What the people of Greece had said to us, their government, in that 2015 referendum, made perfect sense: “We don’t want to leave the euro or to clash with the European Union. But, if the European Union is demanding of you, of our government, the intensification of the austerity-insolvency doom loop that forces our youngsters to emigrate and the expropriation of what is left of our public assets, don’t you dare surrender — even if Grexit is the price we must pay.”
That night, while our people were out on the streets celebrating their remarkable victory, the political representatives of Greece’s oligarchy were in tatters. The leader of New Democracy resigned, the party’s cadres wallowed in deep despair, the oligarchy they represented was in a state of panic. Alas, they worried unnecessarily. For at the same time, a coup against the people was being hatched in the office of my colleague, the prime minister.
The moment I walked into the office of Alexis Tsipras, he told me he had decided to fold, to ignore the people’s No, and to side with New Democracy in order to pass through parliament the bills by which Greece would, again, surrender to the troika. After I failed to dissuade him, I resigned as minister of finance. A few hours later, Mr Tsipras convened a meeting with the acting leader of New Democracy, and the leaders of the other pro-troika parties, whose votes he needed in parliament to pass the third bailout. It was at that moment that New Democracy was retrieved from history’s dustbin and placed on a track leading, with mathematical precision, to election victory.
Since that night, Greece’s parliament has been the stage for a four-year long tragicomedy: Syriza MPs passed austerity and fire-sale bills with which they disagreed, while, on the other side, New Democracy MPs voted them down — in spite of agreeing with them. How my former colleagues convinced themselves that this would end in anything other than a devastating defeat for Syriza is beyond my comprehension.
Syriza unconditional surrender to the troika would have sufficed to revive New Democracy. Alas, Mr Tsipras’ government went to further lengths to alienate the progressives that elected him by surrendering on every imaginable front. His unforced submission to the status quo demonstrated a facility for casually betraying every one of the left’s most cherished principles.
By endorsing Angela Merkel’s inexcusable refugee deal with Turkey’s increasingly dictatorial president (effectively bribing Recep Erdoğan to allow Europe to violate its legal obligations to refugees), Mr Tsipras destroyed the soul of Syriza followers for whom the defence of the wretched of the earth was essential.
By divvying up lucrative television licences between traditional oligarchs and shady upstarts close to Mr Tsipras’ circle, another leftist principle was traduced. The final ignominy came when Mr Tsipras appeared on television with Binyamin Netanyahu, hailing a new alliance between Greece, Israel, Cyprus and oil multinationals, with President Trump’s active support, jointly to exploit the Eastern Mediterranean — while introducing fracking in Epirus and surrendering Thrace and Eastern Macedonia to multiple gas and oil pipelines.

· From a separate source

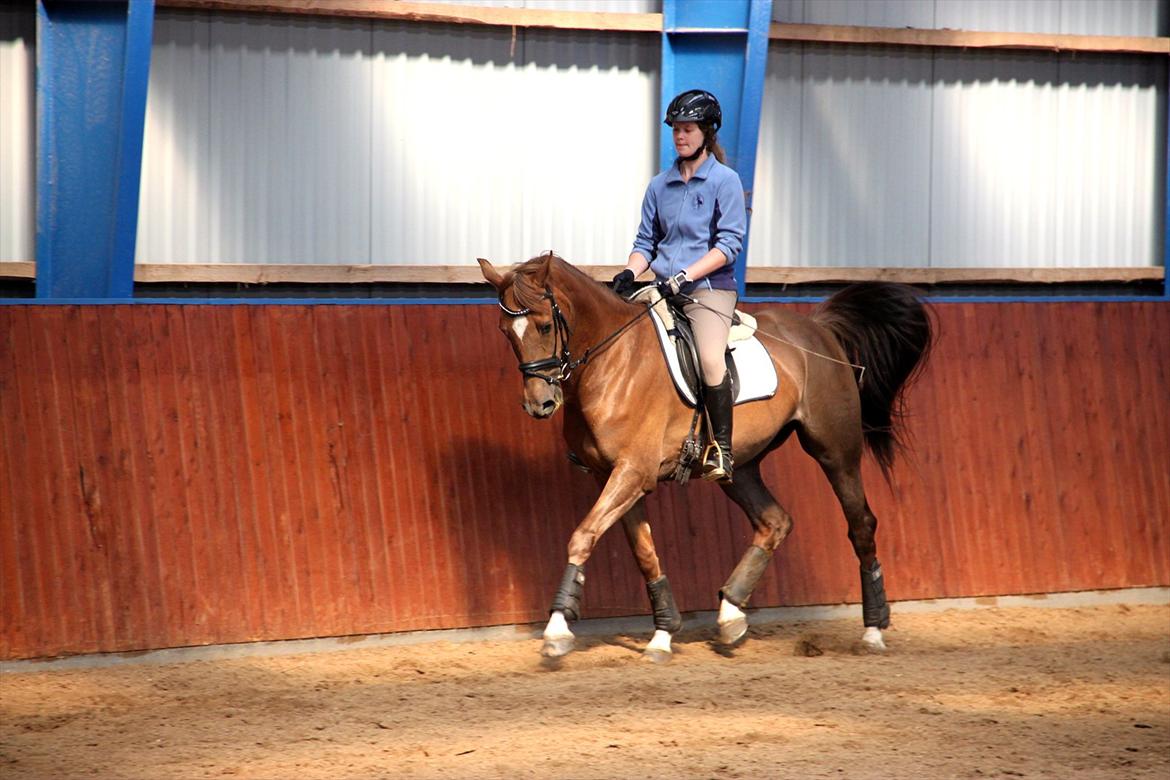 Dansk Varmblod Samantha billede 3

For a party that had co-opted the Greek Greens, on the promise of promoting an environmentalist agenda, it was a capitulation more momentous than even that of 5 July 2015.
One of the insights on evil I owe to my father was his chilling account of how, while in a concentration camp for leftists in the late 1940s, their fascist torturers actively sought to break them and have them torture their comrades in return for perks. In 2015, Mr Tsipras was subjected to a similar tactic.
Prior to 2015, the German finance minister, Wolfgang Schäuble, and the troika leadership more generally, were keen to enlist a left-wing party for at least three important reasons.
The first was that they needed a pretext for burdening the Greek state with another vast loan. Given its permanent insolvency, and the expiration of the 2012 loan, the government needed either a new loan or debt relief. However, Schäuble and the troika had pledged to give Greece neither. Our government’s stated determination to fight for debt relief, instead of a third loan, would have forced Schäuble to claim that, while a third loan had been unnecessary, it became necessary due to Syriza’s economic mismanagement. Tsipras’ surrender thus liberated Schäuble from a conundrum of his own making.
The second reason was that Schäuble wanted to use a third loan to expropriate, on behalf of the creditors, all lucrative assets still in the possession of the Greek state. Having a left-wing, formerly anti-troika, government implement this stunning raid was the perfect legitimation.
Spain was the third motivation for the troika bending Mr Tsipras to their will. On the day the Greek government signed its surrender document in Brussels, Spain’s conservative prime minister Mariano Rajoy waved a piece of paper with Tsipras’ signature and, addressing his domestic audience, said: “This is what you get if you vote for Spain’s Syriza.” From that moment, Podemos’ steady decline to the point of political irrelevance began.
Mr Mitsotakis is the most fortunate incoming Greek prime minister of recent times, and he has the outgoing Syriza government to thank for it.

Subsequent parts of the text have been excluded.